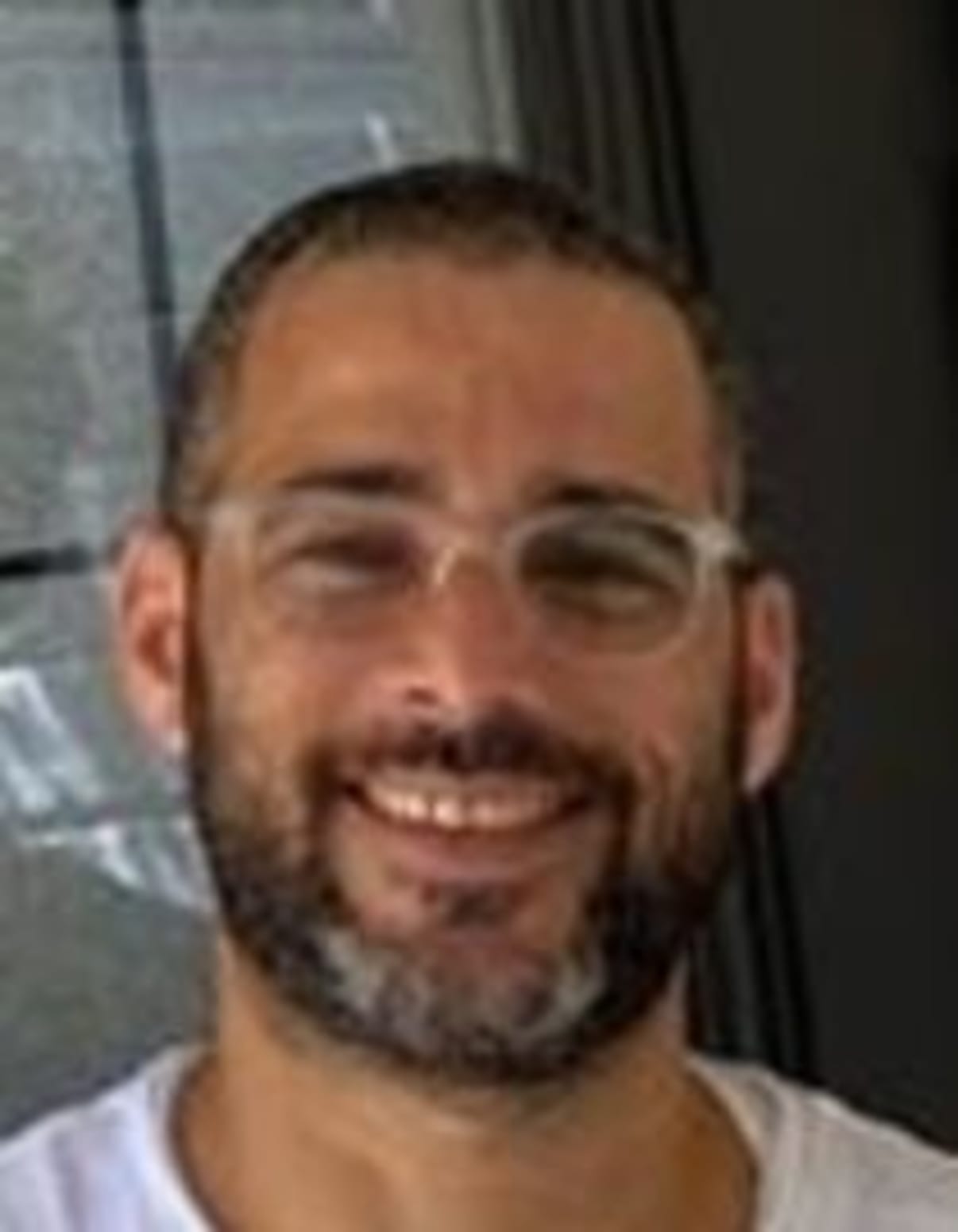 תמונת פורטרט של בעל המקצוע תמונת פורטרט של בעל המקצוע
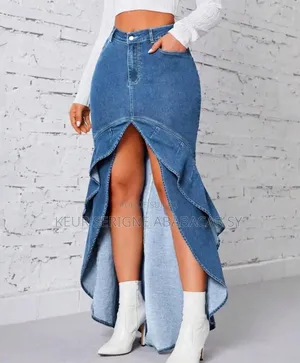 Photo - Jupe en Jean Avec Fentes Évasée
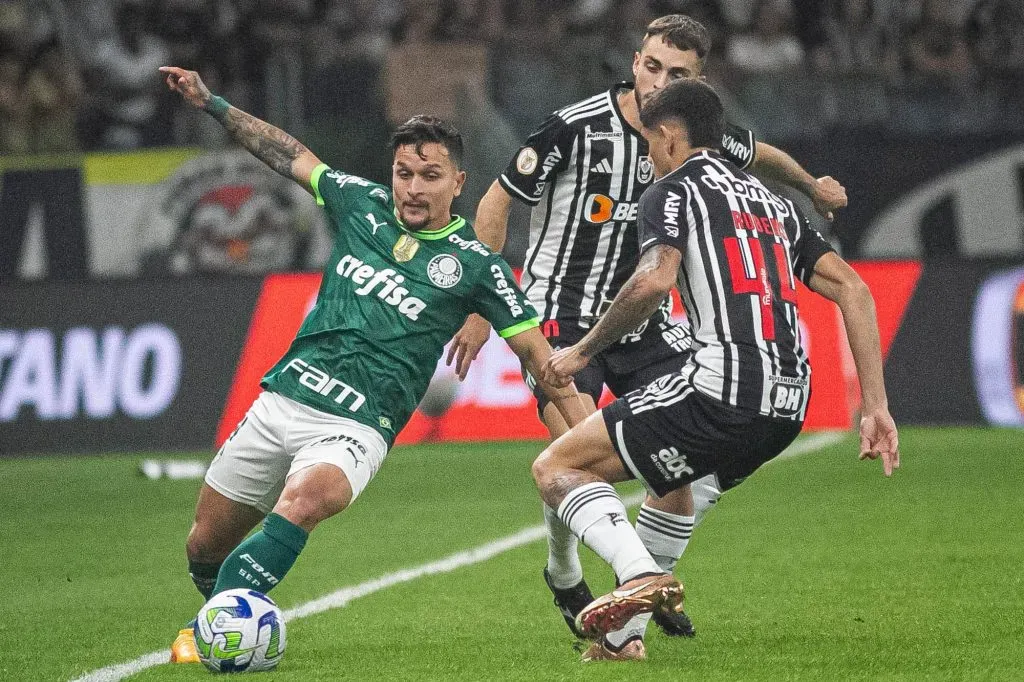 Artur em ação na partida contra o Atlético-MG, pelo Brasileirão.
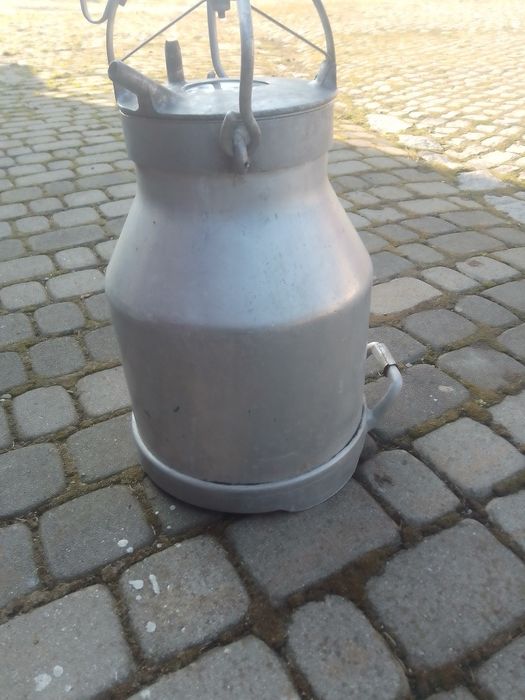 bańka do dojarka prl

* Problem details
Leaving every image behind, repeat the data in full and exactly.

* Answer box
 תמונת פורטרט של בעל המקצוע תמונת פורטרט של בעל המקצוע
 Photo - Jupe en Jean Avec Fentes Évasée
 Artur em ação na partida contra o Atlético-MG, pelo Brasileirão.
 bańka do dojarka prl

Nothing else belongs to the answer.